Sakatlanan Voca’nin yerine 78. dakikada Assane girdi. Girer girmez Denizlispor’un golü geldi. Orta sahadan atağa destek olan Recep Niyaz’ın 5 metre arkasında kalınca o da rahat bir vuruşla golünü attı.
Takımda böyle oyucular varken sahada savaşan, hava toplarını indiren, baskı yapan, savunmasına yardım eden Bolingi’nin yerden yere vurulmasının haksızlık olduğunu düşünüyorum. Pozisyon hazırlayabilseler gollerini de atacak. Ligimizde her takımda yer bulacak faydalı bir oyuncu Bolingi.
Maç 2-1 olunca Ankaragücü Çekici ve Paintsil’i çıkarıp Atila ve Erdi’yi aldı. Zaten pas yapmakta güçlük çeken takımın top tutma becerisi daha da azaldı. Sahadaki dizilim 5-5-0 şekline büründü. Kazandığı topları hiçbir oyuncusunun olmadığı rakip alana şişirince oyun pinpon maçı gibi Ankaragücü ceza sahası ve çevresinde oynanmaya başladı. Oysa iki hızlı oyuncusunu ileride bıraksa zaten Ankaragücü kalesinde net pozisyon bulmakta zorlanan Denizlispor önlem almak durumunda kalır ve bu kadar yüklenemezdi. Ceza sahasında yaşanan karambollerde topun ele, elin rakibin yüzüne gelmemesi büyük şans zira Ankaragücü adeta gole davetiye çıkardı. Mustafa Yumlu kale önünde 3 metreden topu dışarı vurmasa bu hatanın bedeli ağır ödenecekti.
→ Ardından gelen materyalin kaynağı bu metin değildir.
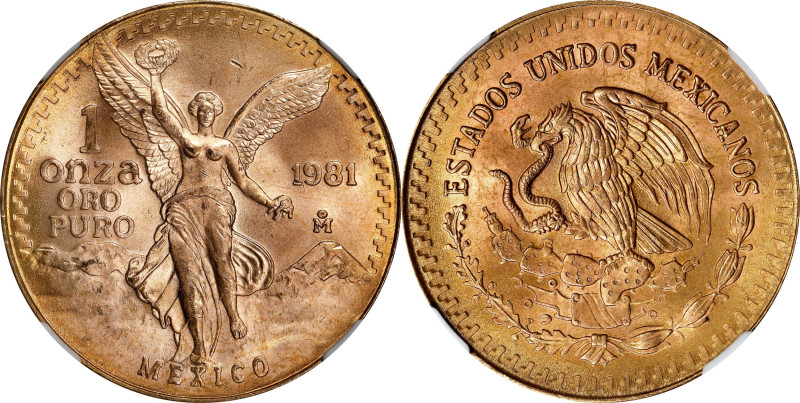 MEXICO. Gold Onza, 1981-Mo. Mexico City Mint. NGC MS-66.
Fr-178; KM-489. AGW: 1...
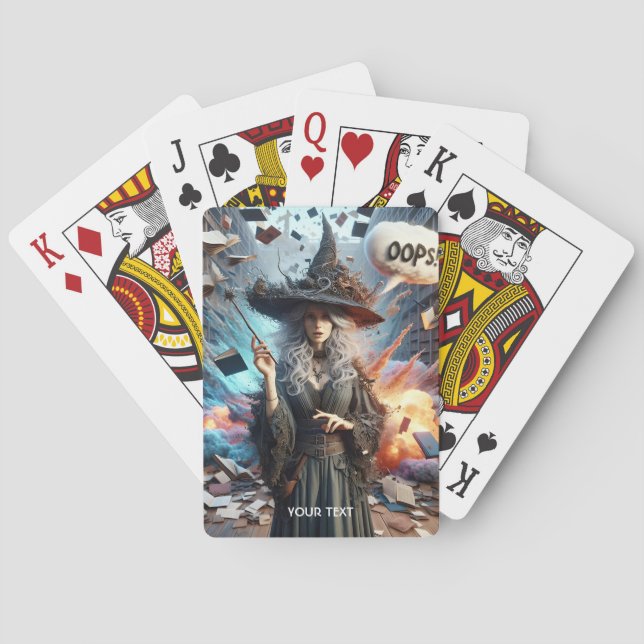 Fantasy Niedlich Hexe Funny Mistake Spielkarten (Rückseite)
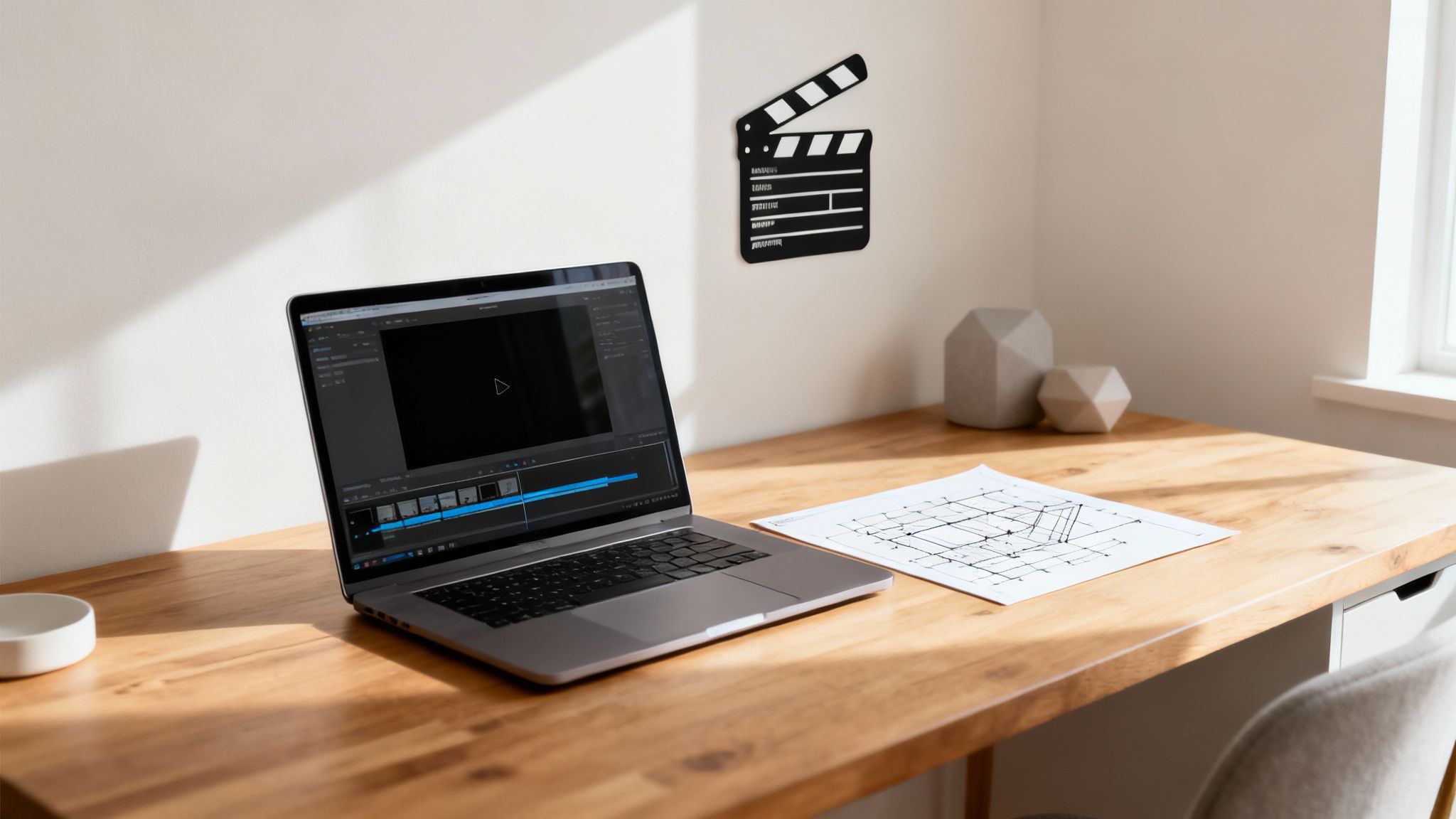 A futuristic depiction of an AI creating a video scene from text prompts, showing a vibrant, digital world emerging from a simple idea.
Mustafa Dalcı zaman zaman bize 80’li yılların nostaljilerini yaşatıyor. O zamanlar “Galip takımın onbiri değiştirilmez” diye bir klişe vardı. Modern futbolda rakip analizi yapılıyor ve her maça farklı taktikle çıkılıyor. Bu maçta rakibin yumuşak karnı maça tecrübesiz üçüncü kalecisi ile çıkmış olmasıydı. Ankaragücü’nün uzaktan şutlarla ve yan ortalarla adeta kalede emanet duran kaleciyi yoklaması gerekirdi. Bunu maç boyunca hiç yapmadı. 80’lerde de işe yaramayan bir başka anlayış son dakikalarda skoru korumak için bir orta saha oyuncusu çıkarıp stoper oyuna almaktı. Oysa en iyi savunma topa sahip olarak ve kaleden uzakta tutarak yapılır. Ülkemizde hocaların kredisi iki üç maç olduğu için Mustafa Hoca’nın maçın sonlarındaki heyecanına ve endişesine de hak vermiyor değilim. Her şeye rağmen galibiyet güzeldir.
Mevcut kadrodan takımın oyununu şekillendirebilecek lider bir oyuncuyu çıkarması ve sorumluluk vermesi, hem Ankaragücü’nü hem Mustafa Hoca’yı farklı bir seviyeye çıkaracaktır. Takımını maçın her dakikasında futbol oynamaya yönlendirmesi başarı şansını artıracaktır.